• _AVAILABLE RECORDS_:

Start of Block

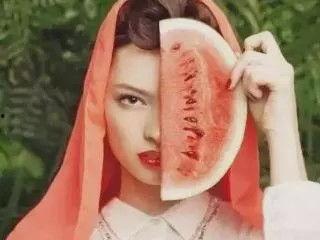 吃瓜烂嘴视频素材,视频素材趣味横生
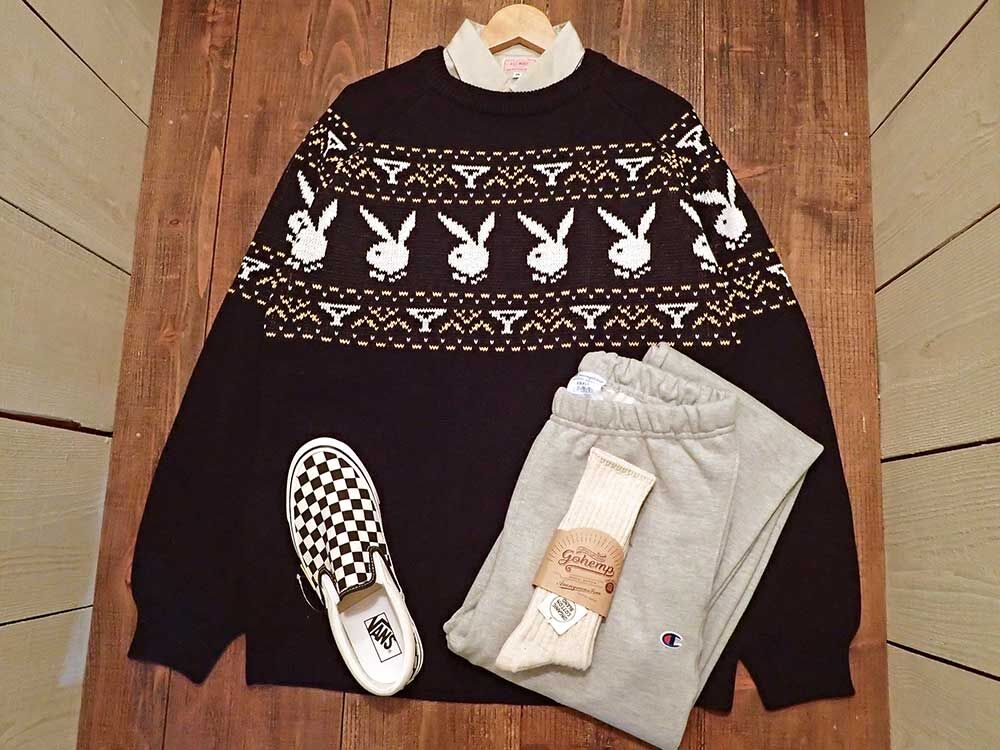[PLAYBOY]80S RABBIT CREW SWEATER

End of Block
Start of Block

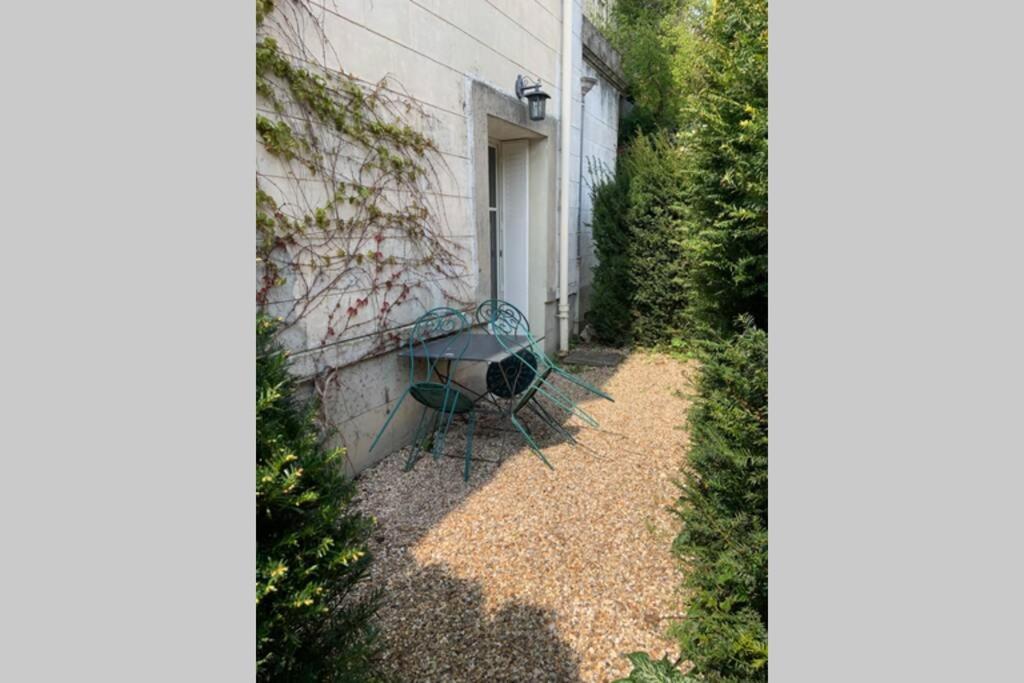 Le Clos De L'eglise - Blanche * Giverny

End of Block
Start of Block

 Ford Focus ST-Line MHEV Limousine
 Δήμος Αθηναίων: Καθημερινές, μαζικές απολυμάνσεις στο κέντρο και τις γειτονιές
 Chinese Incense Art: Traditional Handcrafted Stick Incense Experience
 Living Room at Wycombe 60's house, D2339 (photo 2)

End of Block

• _WHAT IS REQUIRED_: What is needed is a verbatim copy of every line in the records above from the one containing "Δήμος Αθηναίων: Καθημερινές, μαζικές" down to the one containing "Living Room at", both included, and nothing more.

• _EXPECTED ANSWER_:
 Δήμος Αθηναίων: Καθημερινές, μαζικές απολυμάνσεις στο κέντρο και τις γειτονιές
 Chinese Incense Art: Traditional Handcrafted Stick Incense Experience
 Living Room at Wycombe 60's house, D2339 (photo 2)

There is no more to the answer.